Contribute to the library¶

Jeremy’s notes on fastai coding style

Introduction¶

This is a brief discussion of fastai’s coding style, which is loosely informed by (a much diluted version of) the ideas developed over the last 60 continuous years of development in the APL / J / K programming communities, along with Jeremy’s personal experience contributing to programming language design and library development over the last 25 years. The style is particularly designed to be aligned with the needs of scientific programming and iterative, experimental development.

Everyone has strong opinions about coding style, except perhaps some very experienced coders, who have used many languages, who realize there’s lots of different perfectly acceptable approaches. The python community has particularly strongly held views, on the whole. I suspect this is related to Python being a language targeted at beginners, and therefore there are a lot of users with limited experience in other languages; however this is just a guess. Anyway, I don’t much mind what coding style you use when contributing to fastai, as long as:

You don’t change existing code to reduce its compliance with this style guide (especially: don’t use an automatic linter / formatter!)
You make some basic attempt to make your code not wildly different from the code that surrounds it.

Having said that, I do hope that you find the ideas in this style guide at least a little thought provoking, and that you consider adopting them to some extent when contributing to this library.

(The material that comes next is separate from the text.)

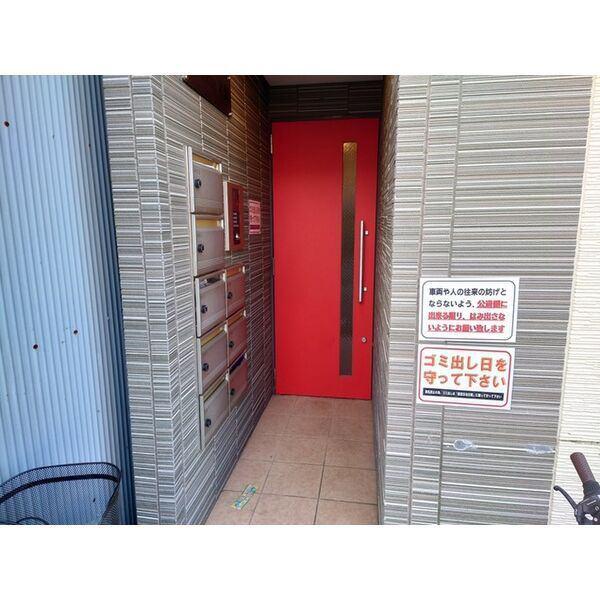 LE GIOIE名駅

My personal approach to coding style is informed heavily by Iverson’s Turing Award (the “Nobel of computer science”) lecture of 1979, Notation as a Tool For Thought. If you can find the time, the paper is well worth reading and digesting carefully (it’s one of the most important papers in computer science history), representing the development of an idea that found its first expression in the release of APL in 1964. Iverson says:

The thesis of the present paper is that the advantages of executability and universality found in programming languages can be effectively combined, in a single coherent language, with the advantages offered by mathematical notation

One key idea in the paper is that “brevity facilitates reasoning”, which has been incorporated into various guidelines such as “shorten lines of communication”. This is sometimes incorrectly assumed to just mean ‘terseness’, but it is a much deeper idea, as described in this Hacker News thread. I can’t hope to summarize this thinking here, but I can point out a couple of key benefits:

It supports expository programming, particularly when combined with the use of Jupyter Notebook or a similar tool designed for experimentation
The most productive programmers I’m aware of in the world, such as the extraordinary Arthur Whitney often use this coding style (which may or may not be a coincidence!)

Style Guide¶

Python has over time incorporated a number of ideas that make it more amenable to this form of programming, such as:

List, dictionary, generator, and set comprehensions
Lambda functions
Python 3.6 interpolated format strings
Numpy array-based programming.

Although Python will always be more verbose than many languages, by using these features liberally, along with some simple rules of thumb, we can aim to keep all the key ideas for one semantic concept in a single screen on code. This is one of my main goals when programming

—

I find it very hard to understand a concept if I have to jump around the place to put the bits together. (Or as Arthur Whitney says “I hate scrolling”!)

Symbol naming¶

Follow standard Python casing guidelines (CamelCase classes, under_score for most everything else).
In general, aim for what Perl designer Larry Wall describes as metaphorically as Huffman Coding:

In metaphorical honor of Huffman’s compression code that assigns smaller numbers of bits to more common bytes. In terms of syntax, it simply means that commonly used things should be shorter, but you shouldn’t waste short sequences on less common constructs.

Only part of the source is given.